In Hawthorne's Shadow
Title | In Hawthorne's Shadow PDF eBook |
Author | Samuel Chase Coale |
Publisher | University Press of Kentucky |
Pages | 322 |
Release | 2021-10-21 |
Genre | Literary Criticism |
ISBN | 0813185939 |
"The world is so sad and solemn," wrote Nathaniel Hawthorne, "that things meant in jest are liable, by an overwhelming influence, to become dreadful earnest; gaily dressed fantasies turning to ghostly and black-clad images of themselves." From the radical dualism of Hawthorne's vision, Samuel Coale argues, springs a continuing tradition in the American novel.
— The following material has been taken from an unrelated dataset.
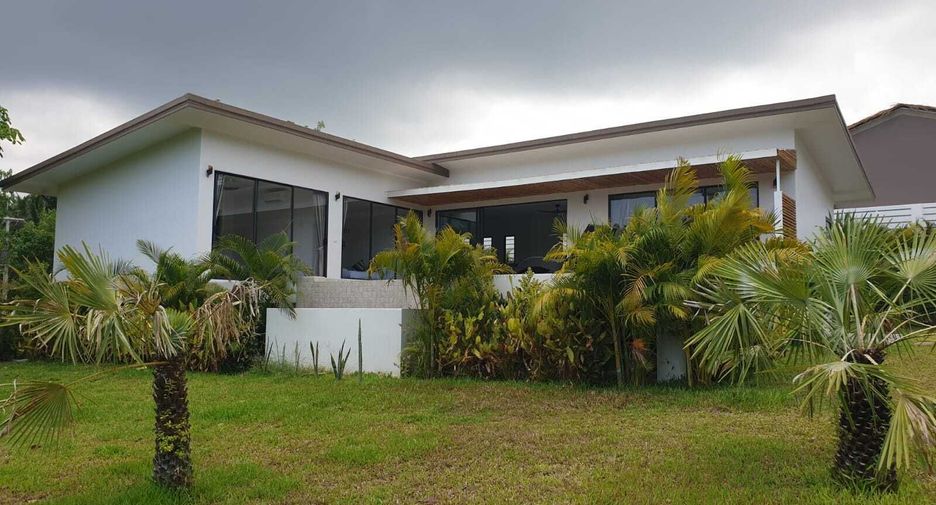 For sale 3 bedrooms villa in Ko Pha-ngan, Surat Thani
In Hawthorne's Shadow is the first critical study to describe precisely the formal shape of Hawthorne's psychological romance and to explore his themes and images in relation to such contemporary writers as John Cheever, Norman Mailer, Joan Didion, John Gardner, Joyce Carol Oates, William Styron, and John Updike. When viewed from this perspective, certain writers—particularly Cheever, Mailer, Oates, and Gardner—appear in a new and very different light, leading to a considerable reevaluation of their achievement and their place in American fiction. Mr. Coale's long interviews and conversations with John Cheever, John Gardner, William Styron, and others have provided insights and perspectives that make this book particularly valuable to students of contemporary American literature. Coale links contemporary writers to an on-going American romantic tradition, represented by such earlier authors as Melville, Harold Frederic, Faulkner, Flannery O'Connor, and Carson McCullers. He explores the distinctly Manichean matter of much American romance, linking it to America's Puritan past and to the almost schizophrenic dynamics of American culture in general. Finally, he reexamines the post-modernist writers in light of Hawthorne's "shadow" and shows that, however similar they may be in some ways, they differ remarkably from the previous American romantic tradition.